3 new programming languages: What their creators say

Developers of emerging programming languages shed light on the urge to create new tools

With hundreds of programming languages already in existence, why invest the considerable effort in creating a new one? For developers of three newfangled open source languages -- Coconut, Crystal, and Oden -- the answer is simply that, in programming, there are always new niches to fill and new needs to be met.

Scratching the proverbial itch and unwilling to settle for existing tools that they found somewhat lacking, these developers set out to build their own languages, driven by specific goals. For Coconut, which compiles to Python, it’s all about bringing functional programming to the Python language. Crystal is devoted to combining multiple programming capabilities.

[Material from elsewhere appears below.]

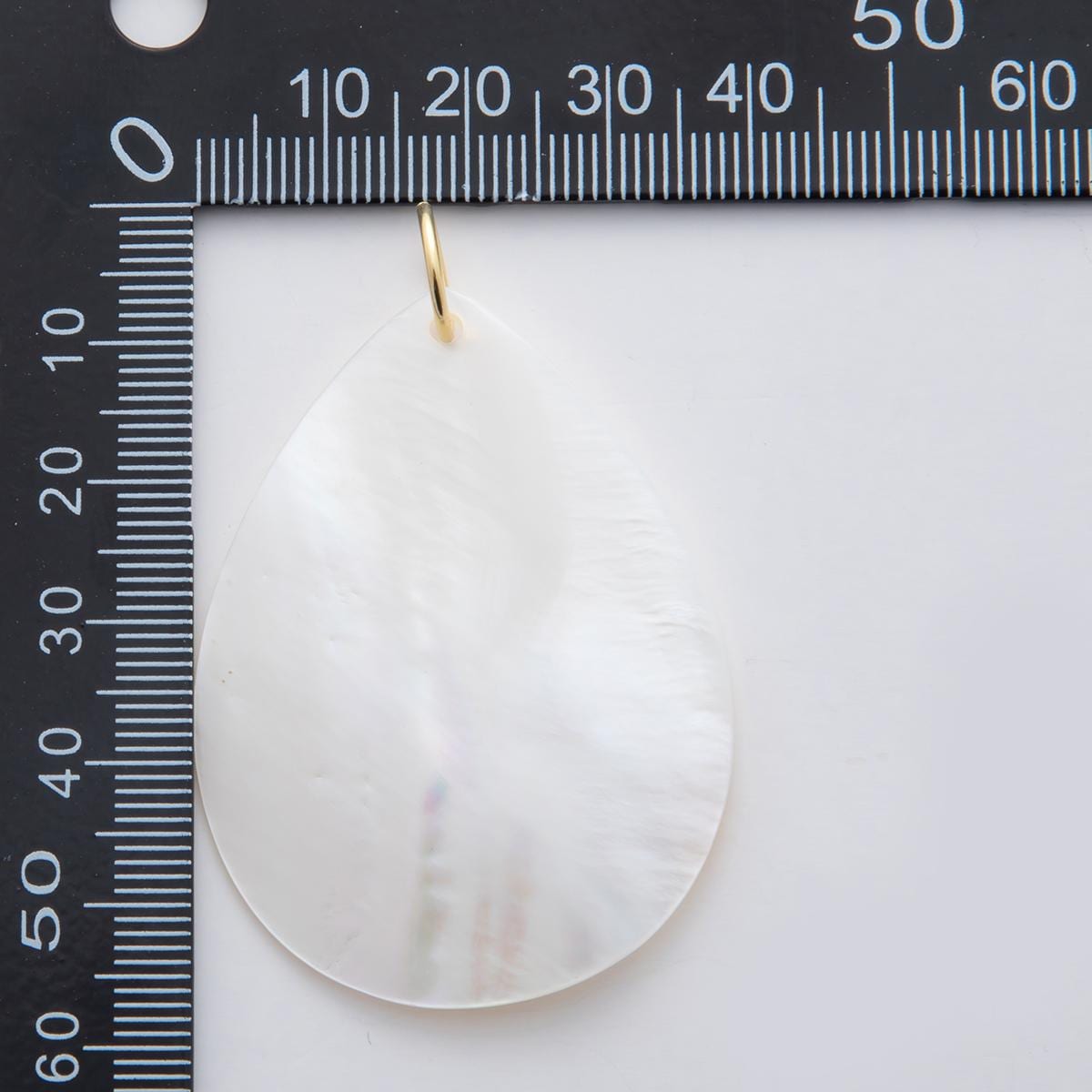 24K Gold Filled 57mm White Mother of Pearl Teardrop Charm | D582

And the driving force behind the development of Oden is filling in some capabilities absent from Google’s popular Go language.

We spoke with the developers and teams behind each of these languages to get a better sense of the origins and practicality of their emerging languages -- as well as what inspires developers to tackle the task of building a new programming language.

Coconut: Expanding Python’s reach

“I love functional programming. I think the functional paradigm provides a much more natural way to think about problems and yields much more elegant, concise, and readable code as a result,” Coconut developer Evan Hubinger says. “And yet, if you look at the top 20 most popular programming languages, not a single one is functional. But there are functional alternatives to a lot of them. Java has Scala. C# has F#. Python has ... nothing.”

(Note: Java added functional capabilities in 2014 but was not originally developed as a functional language.)

Python, says Hubinger, was his first language. While Python is elegant for imperative programming, trying to use it for functional programming is difficult and obtuse, he says. Coconut is actually his second attempt at functional programming for Python. Hubinger scrapped his previous effort in this vein, a language called Rabbit, after he became dissatisfied with it. Hubinger is a college student who has been interning as a software developer at Yelp.

Crystal: Bringing existing languages’ features into focus

Crystal’s main developer Ary Borenszweig not only acknowledges the wealth of programming languages already in existence, he builds on their best features.

“Yes, there are many languages. However, Crystal mixes some features present in other languages in a way that no other language does,” Borenszweig says.

The language has static type-checking without specifying the types of method arguments or local variables. This enables faster prototyping, less verbose code, and more generic code, Borenszweig stresses.

Crystal also features automatic memory management and native compilation sans a virtual machine.

“It has macros to avoid boilerplate code. And it has a very easy way to use existing C libraries,” says Borenszweig, who works at Manas, which builds technical and scientific software.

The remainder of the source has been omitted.